Motherhood is probably one of the biggest joy God has bestowed upon us. It is a beautiful feeling which cannot be described in words.
On 25 November 2020 I went to my obstetrician, because I was not having my monthly period since last week of June, only to find out that I was pregnant nine weeks. At first, I was shocked because it was unexpected but I thought it was a blessing given to us and I was very happy to know the good news.
I was so focused on what my unborn child needs in order to survive and see the beautiful world in 30 weeks. We went for a monthly prenatal care checkup, then to a weekly one. Then we visited the obstetrician whenever we feel something new just to make sure we are alright. By that time, we reached the 39th week and planned to deliver my unborn child on July 1 because my blood pressure went up and I was having a fever.
We were already at the private hospital when we received the most unexpected and shattering news that my husband was positive on his Covid-19 RT-PCR test and I was one of his direct contacts. And I thought that I was already symptomatic.
We immediately rushed to the other hospital for me to get tested. On the morning of July 2, I was confirmed positive for Covid-19. I immediately went to the hospital to get admitted. It was not easy for us because of the protocols.

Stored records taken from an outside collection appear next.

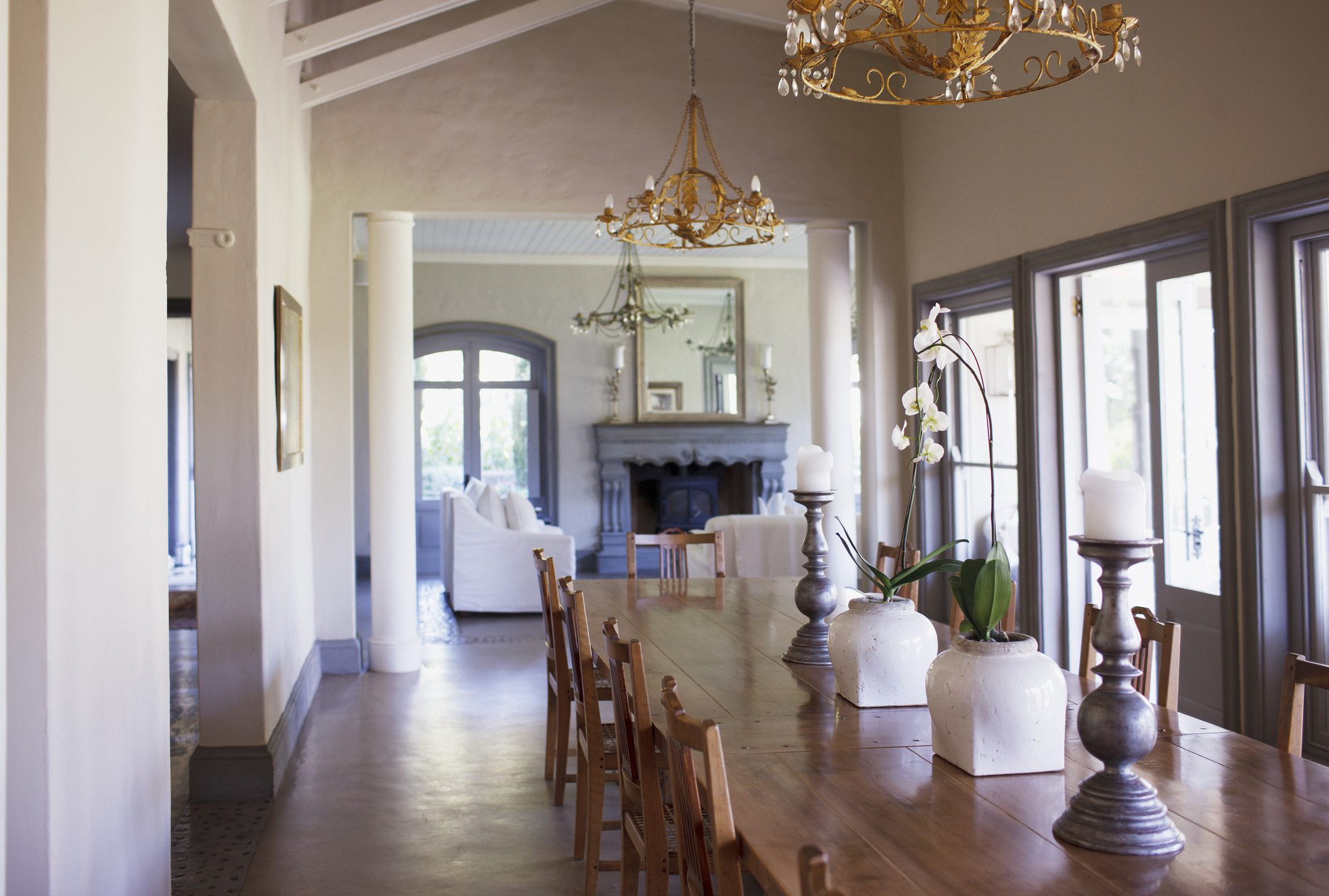 Sunlit dining room with long wooden table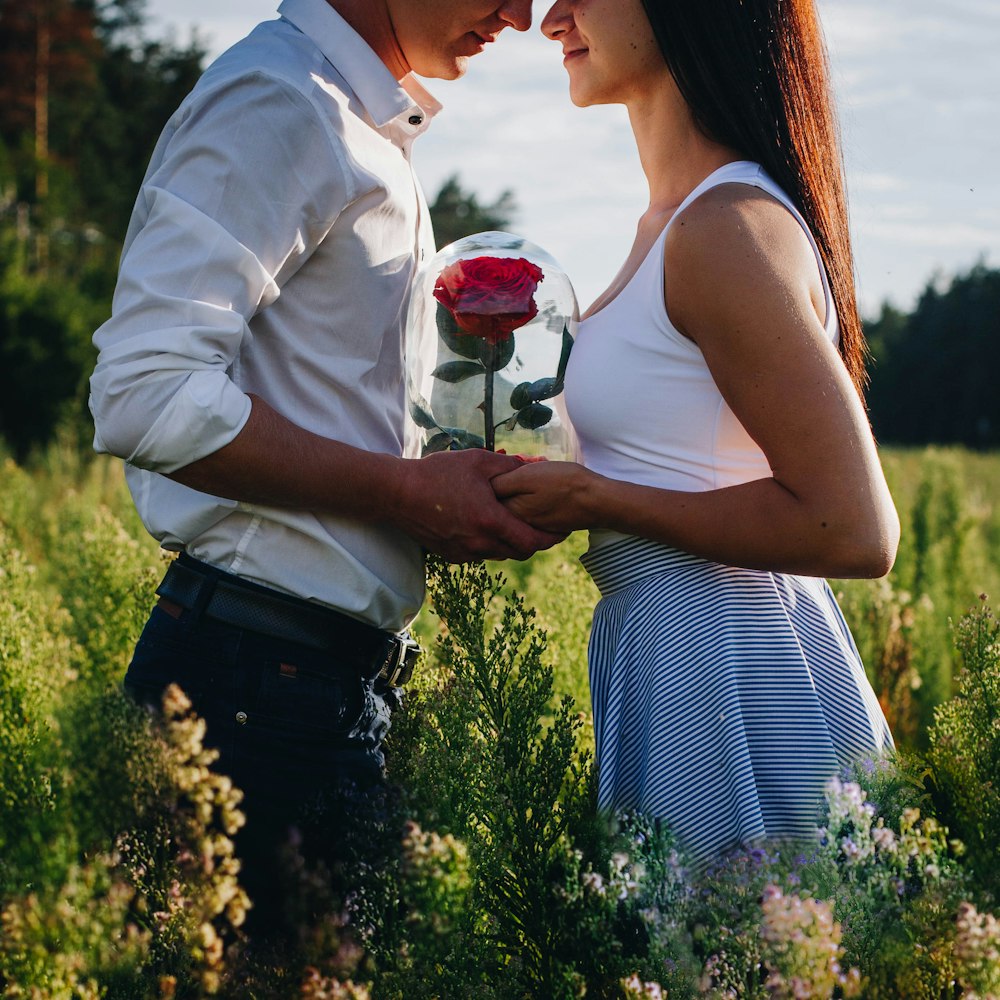 uomo in camicia bianca che tiene la rosa rossa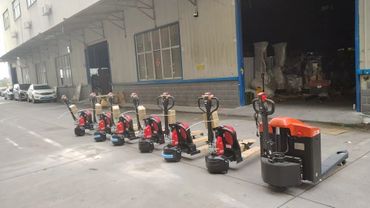 A lineup of electric pallet jacks outside an industrial warehouse.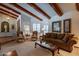Spacious living room with hardwood floors, a wood beam ceiling and comfortable seating at 13108 N 76Th St, Scottsdale, AZ 85260
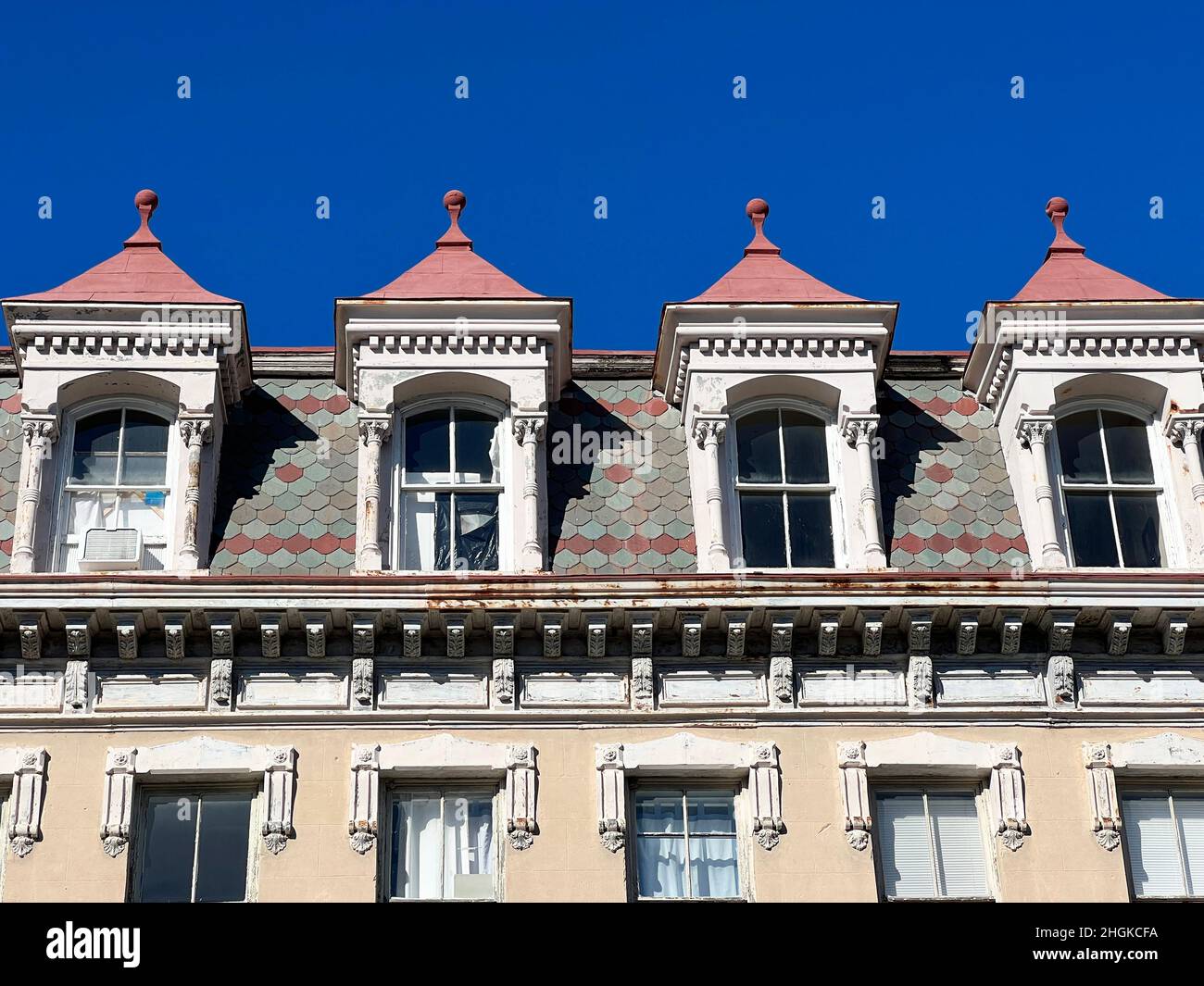 Closeup of slate shingles, detailed gables on a mansard roof and dentil molding in historic Charleston, South Carolina. Stock Photo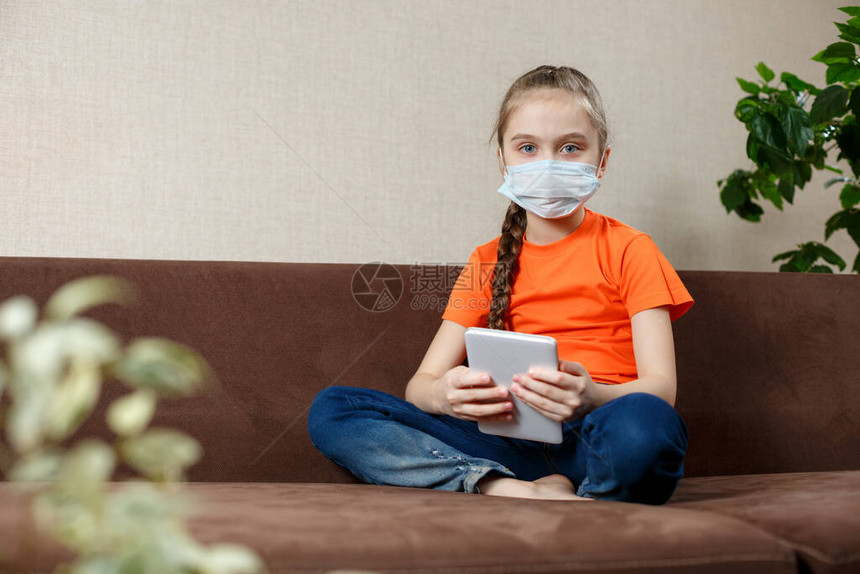 身戴医疗面具的小女孩坐在莲花位置沙发上图片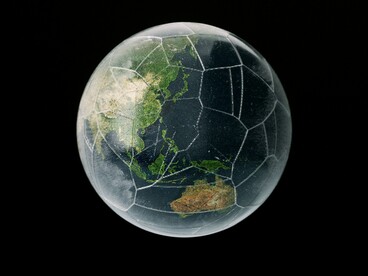 A world that is seemingly intact but filled with cracks, hinting at the divided world as the competition between geopolitical blocs intensifies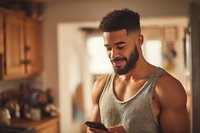 Smiling mixed-race man in tank top using smartphone in modern kitchen. Happy young adult male texting on mobile phone at home during morning routine.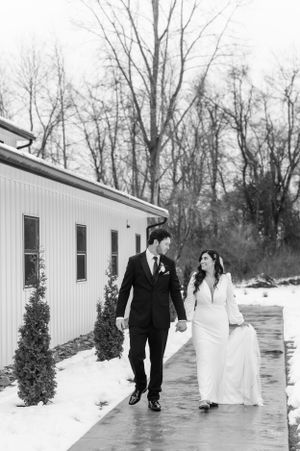 A black and white photo of a couple walking together along a modern building in winter.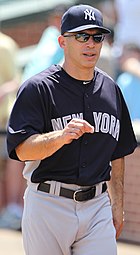 Medium-wide shot of manager Joe Girardi with a "NEW YORK" shirt and "NY" hat.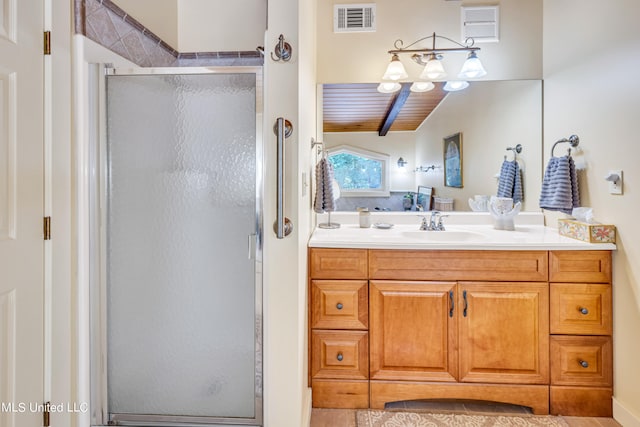 bathroom with a shower with door, vanity, vaulted ceiling, and wooden ceiling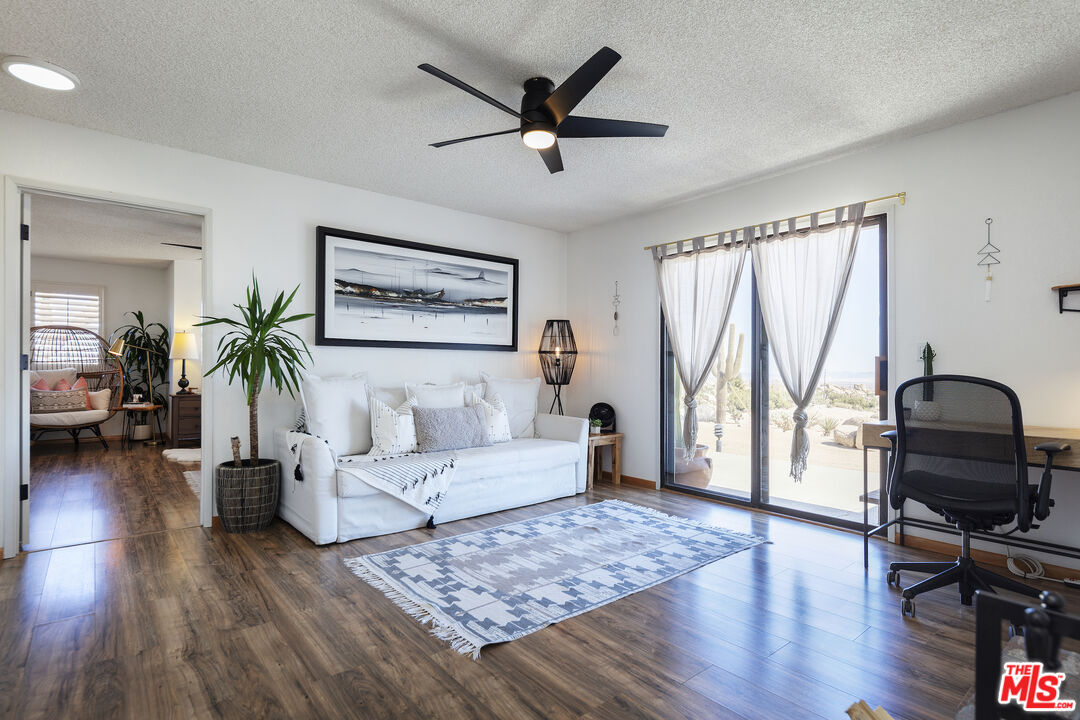 56434 Cobalt Road Yucca Valley, CA 92284 - Photo 42 of 75 a living room with furniture and a wooden floor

I told myself that I needed to surrender it all to the Lord. This was the time when I was fighting for the life of my unborn child, but not mine.
On July 6, my doctor said that I need an emergency caesarean because there was already a fetal distress and the heart beat of my unborn child is getting low. This was the time that I could not breathe normally.
At 4.36pm, there was the loud cry that I had been waiting for and it was the cry that made me awake during the time that I was struggling to breathe. With all the danger and struggle for life, I had finally protected the life of my unborn child, God’s greatest blessing. While rejoicing over the newborn, we believed the door for more blessings from above was already opened.
No amount of money can buy the happiness a child can give us. There will be struggles but that is life. There is no life without struggles.